On June 16th in St. Anthony, Minnesota, police officer Jeronimo Yanez was acquitted of second-degree manslaughter charges related to the fatal shooting of Philando Castile. Before determining the verdict, the jury was given access to the transcript of the events leading up to the shooting. A summary of the transcript can be seen below.
Castile was pulled over at 9:05 P.M. and Yanez approached the vehicle on the driver’s side shortly after. Yanez and Castile greeted each other, and Yanez proceeded to tell Castile about his malfunctioning brake light. During their conversation, another police officer named Joseph Kauser arrived as backup and approached the vehicle from the passenger’s side. Yanez then asked Castile for his driver’s license and proof of insurance, and Castile complied by giving the officer his insurance card.

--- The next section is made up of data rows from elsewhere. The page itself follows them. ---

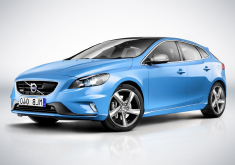 Volvo V40 lease auto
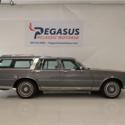 1990 Oldsmobile Custom Cruiser, Grey Metallic with 83,000 Miles available now!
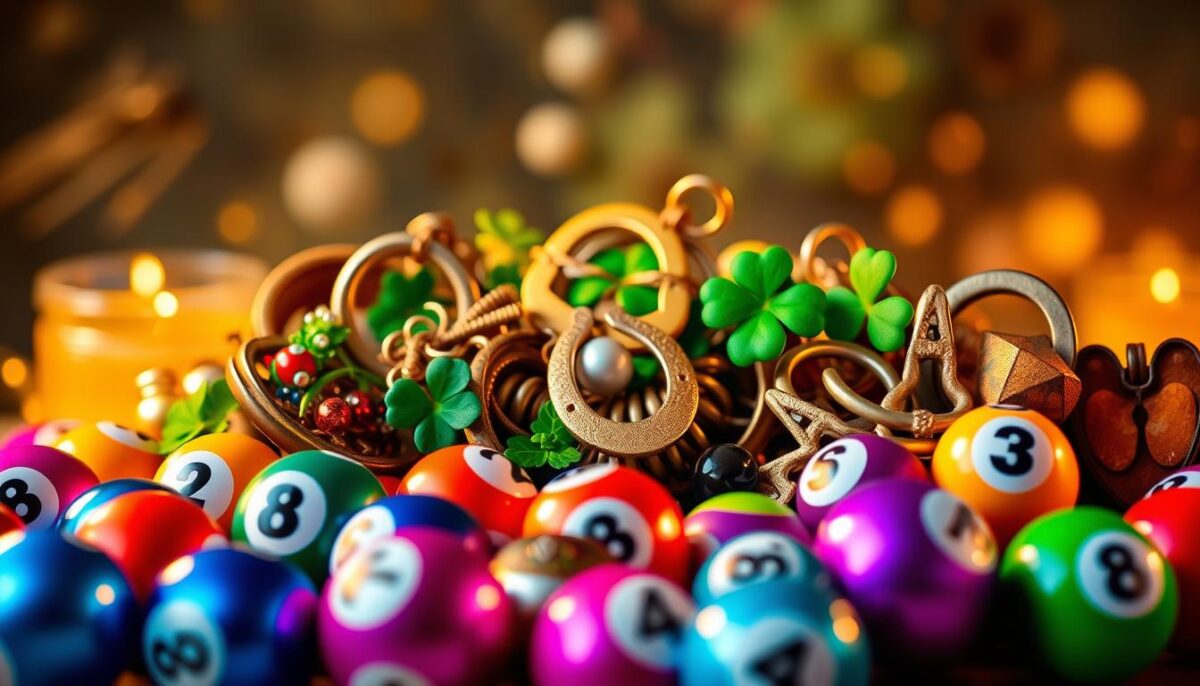 The Surprising Power of Lucky Numbers in Lottery Success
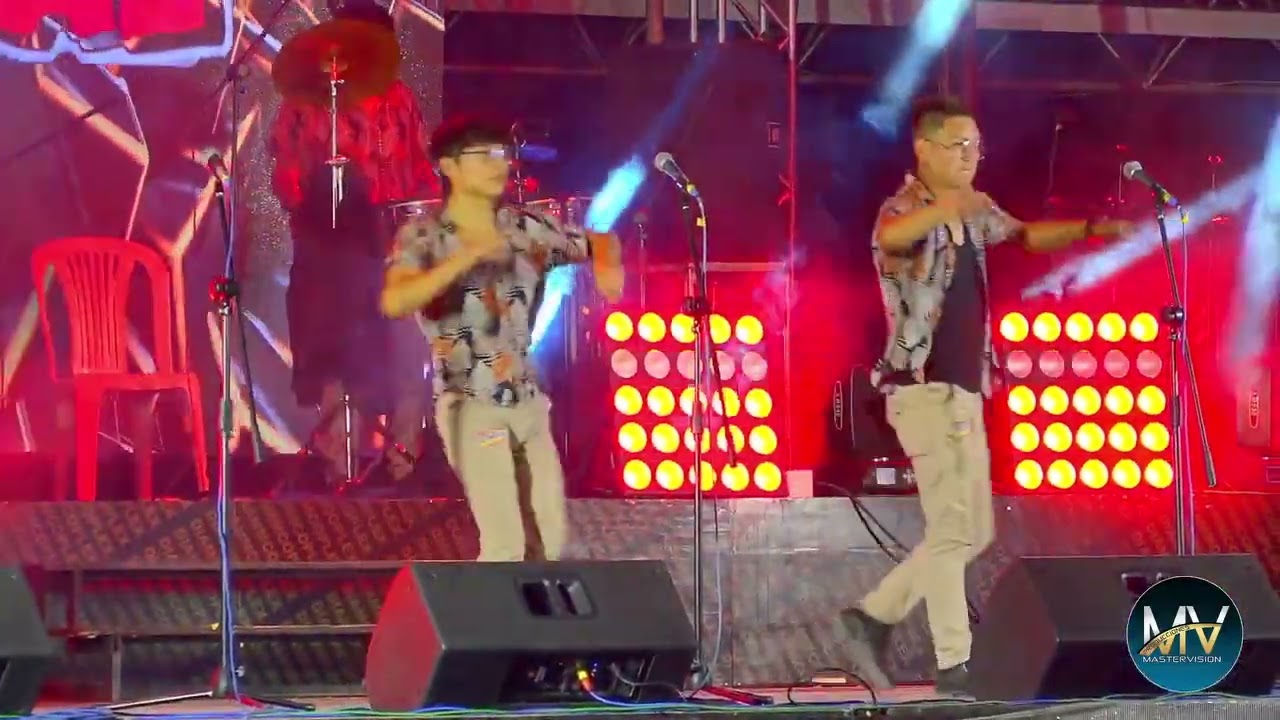 CARLITOS PAITAN Y SU FURIA TROPICAL 2024-MIX ROMPE CORAZONES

After Yanez looked at Castile’s insurance information, Castile informed the officers that he had a firearm on his person. Before Castile could finish his sentence, Yanez interrupted him with the word “okay” and promptly placed his hand on his holster. Yanez told Castile not to reach for his weapon, to which Castile responded with, “I’m…I’m… [inaudible]…reaching.” Yanez interrupted again, repeating to Castile not to pull out his weapon. Castile and his girlfriend Reynolds then both confirmed that Castile was not pulling the gun out. Yanez then screamed at Castile, once again telling him not to pull the gun out. At this time, Yanez pulled his own gun from its holster and rapidly fired seven shots at Castile while Kauser remained motionless.
After the shooting, Castile’s last words were, “I wasn’t reaching for it.” Reynolds then reaffirmed that Castile was indeed not reaching for the gun. Yanez yelled again, repeating the same phrase used earlier, “Don’t pull it out.” Reynolds replied with, “He wasn’t,” and Yanez yelled at her not to move.
It is believed by some that Castile was shot without reason, even after doing everything that Yanez asked of him. Yanez’s response to Castile’s gun-carrying confession is under some scrutiny since Yanez could have asked to see Castile’s carry permit or asked where the gun was rather than telling him not to reach for it.
Under Yanez’s instruction, Castile had to simultaneously produce his driver’s license and not reach for his weapon. The movements to reach for either one of these items are very similar and one can easily be confused for the other. When Castile was reaching for his license, Yanez likely believed that he was trying to pull out his firearm.
From the transcript, it is clear that Yanez feared for his life during the encounter. Yanez testified that he believed that he had pulled over a robber and that he smelled marijuana in the car. These factors, along with the fact that Castile had a firearm, may have put Yanez on edge.
Many believe that the presence of a firearm does not inherently make a situation more dangerous for police officers and that the danger posed by a firearm is largely dependent on the carrier. Those who have a concealed-carry permit, for instance, are among one of the most law-abiding demographics in the United States.
Within the past few months, there have been a few cases where police officers have been excused for shooting citizens by mistake such as with Yanez and Castile. Many of these shootings occurred because the citizen was exercising their second amendment right to carry a firearm and the police did not know how to adequately handle the situation. For whatever reason, Yanez panicked and made a mistake that ended up being fatal for Castile. Some still believe that Yanez should be held accountable for that mistake and that his acquittal was an affront to justice.